German/Japanese track listing
| No. | Title | Lyrics | Music | Length |
|---|---|---|---|---|
| 1. | "L.A. Woman (Short Film)" | Jim Morrison | Jim Morrison | 4:55 |
| 2. | "Marching" |  | Mauri Sumen | 1:18 |
| 3. | "Flight AY 105" |  | Sumen | 2:09 |
| 4. | "Thru the Wire (Short Film)" | Nick Tesco | Silu Seppälä | 5:25 |
| 5. | "Sunday Morning" |  | Sumen | 2:49 |
| 6. | "Highway" |  | Sumen | 1:59 |
| 7. | "Rocky VI (Short Film)" | Tesco | Silu Seppälä/Pekka Virtanen | 7:33 |
| 8. | "Blue Swing" |  | Sumen | 1:40 |
| 9. | "On the Road" |  | Sumen | 3:02 |
| 10. | "That's All Right" (Only on German/Japanese version) | Arthur Crudup | Arthur Crudup | 1:30 |
| 11. | "Glamour Cowboy" |  | Sumen | 2:02 |
| 12. | "No Man's Land" |  | Sumen | 1:55 |
| 13. | "Born to Be Wild" (Only on German/Japanese version) | Mars Bonfire | Mars Bonfire | 3:30 |
| 14. | "Ten Lost Gringos" |  | Sumen | 2:57 |
| 15. | "Mambo from Säkkijärvi" |  | Sumen | 1:59 |
| 16. | "Desconsolado" |  | Unknown | 3:27 |
| 17. | "Ballad of the Leningrad Cowboy" | Tesco | Mark Smith | 2:39 |
| 18. | "Tequila" |  | Chuck Rio | 1:08 |
| 19. | "Chasing the Light" | Tesco | Smith | 2:20 |

==Reception==
The film was ranked #88 in Empire magazine's "The 100 Best Films Of World Cinema" in 2010. It also holds a 100% "Fresh" rating on review site Rotten Tomatoes based on 6 reviews.
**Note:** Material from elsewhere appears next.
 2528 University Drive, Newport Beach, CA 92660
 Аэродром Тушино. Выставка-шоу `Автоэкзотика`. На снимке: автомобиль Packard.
As Kaurismäki's first film that was released in the United States, it has been described as his "breakthrough picture".

== Sequels and home media ==
Leningrad Cowboys Go America was followed five years later by a sequel, Leningrad Cowboys Meet Moses (1994) and a concert film Total Balalaika Show (1994).
The film was reissued on DVD in October 2011, as part of the Criterion Collection's Eclipse series, paired with the other two Leningrad Cowboys films.